#### Your instructions:
From the line that contains "Nissan Versa S Image 6" to the last line of the data below, transcribe every line exactly. Do not include the pictures.

Captioned web image data:

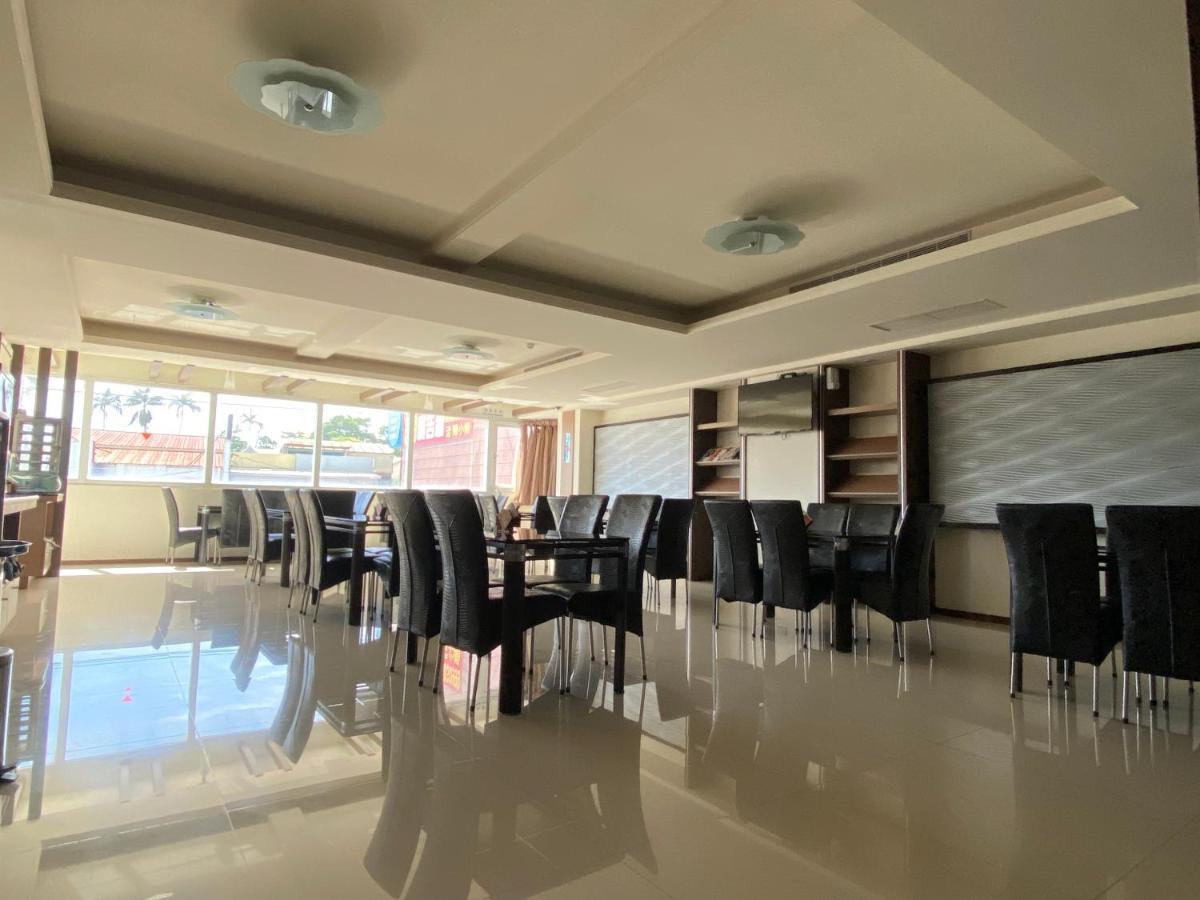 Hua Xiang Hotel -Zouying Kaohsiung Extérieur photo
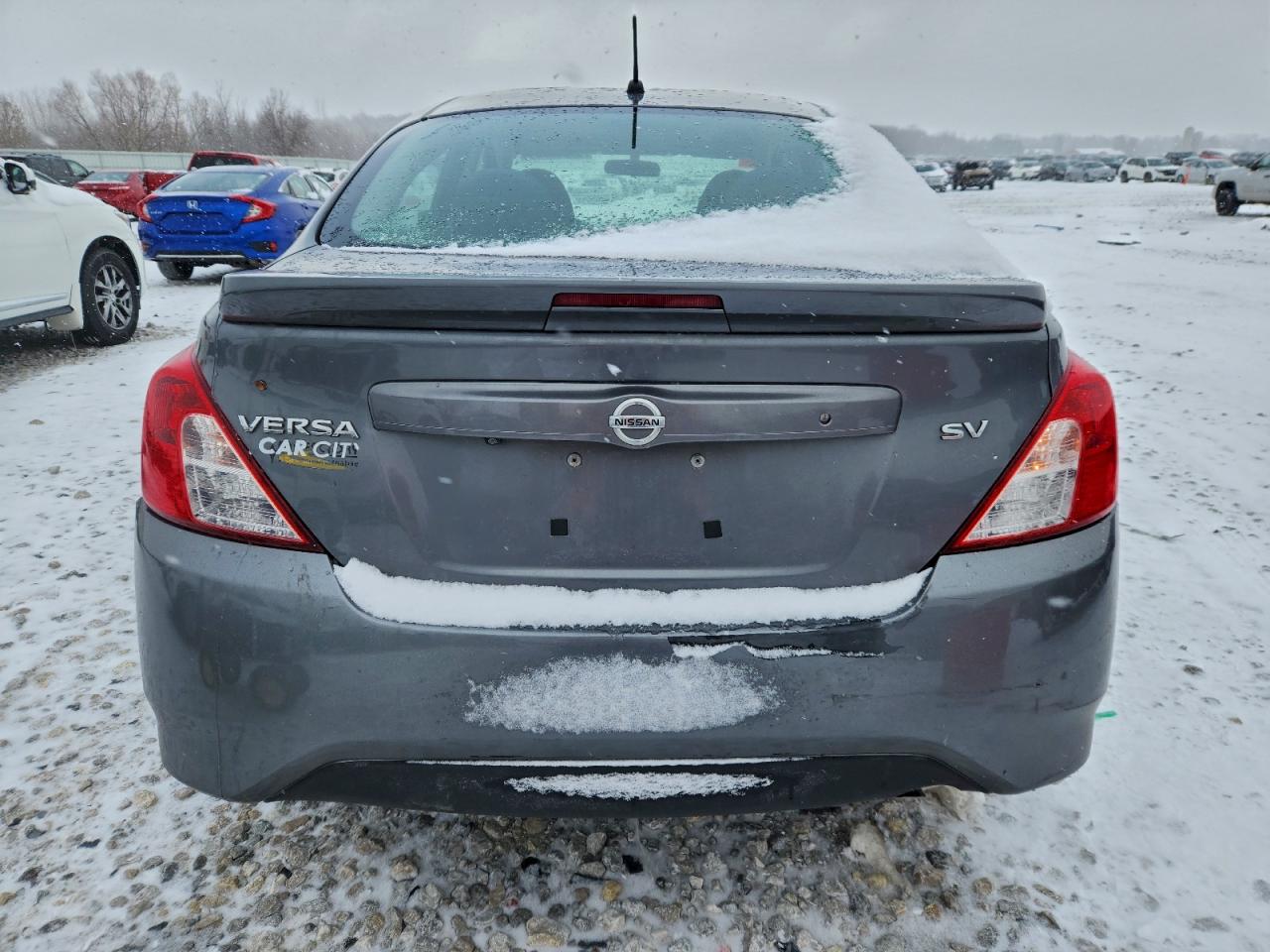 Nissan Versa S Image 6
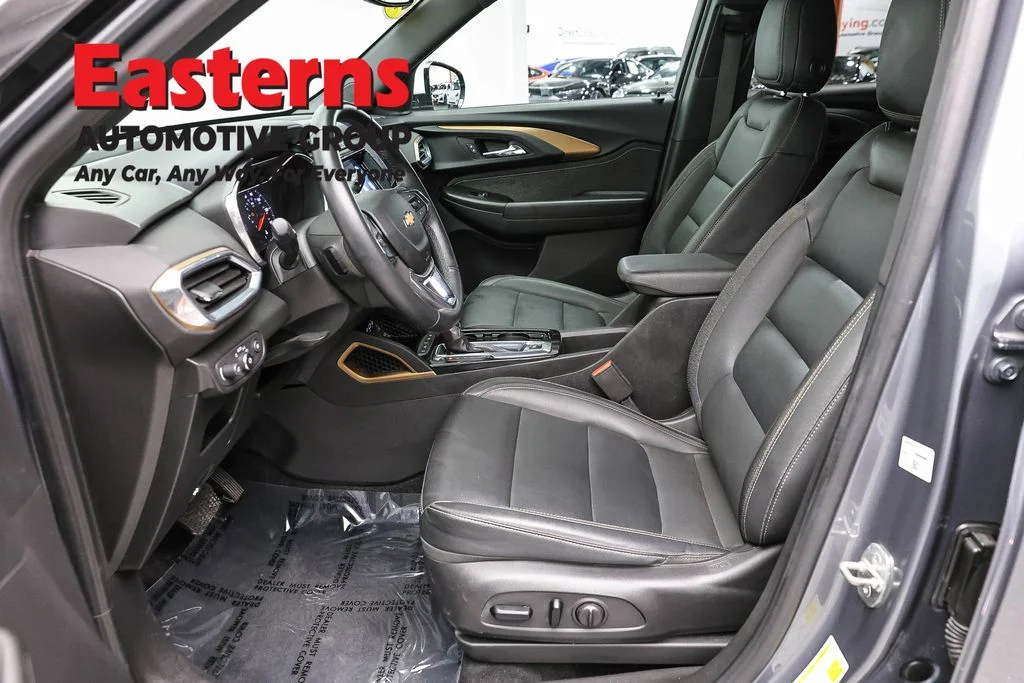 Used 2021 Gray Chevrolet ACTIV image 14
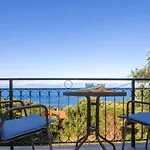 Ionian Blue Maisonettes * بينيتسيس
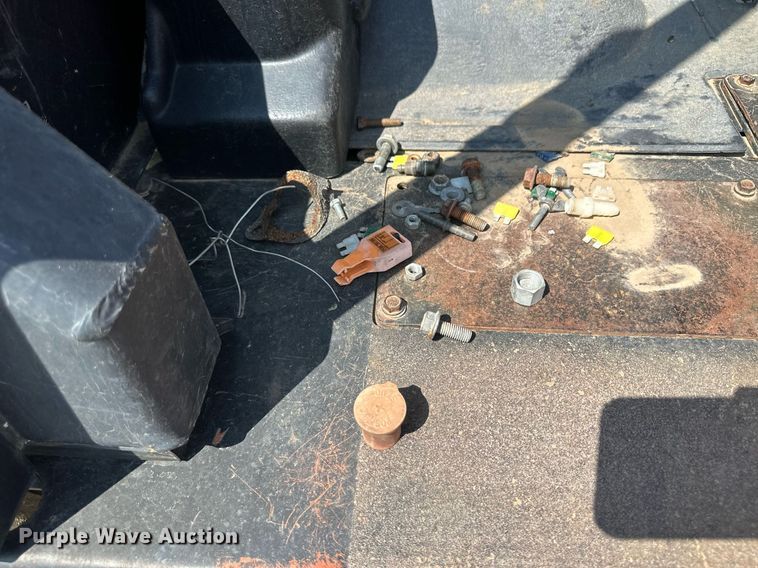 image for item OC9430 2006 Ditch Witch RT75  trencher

#### Response below:
 Nissan Versa S Image 6
 Used 2021 Gray Chevrolet ACTIV image 14
 Ionian Blue Maisonettes * بينيتسيس
 image for item OC9430 2006 Ditch Witch RT75  trencher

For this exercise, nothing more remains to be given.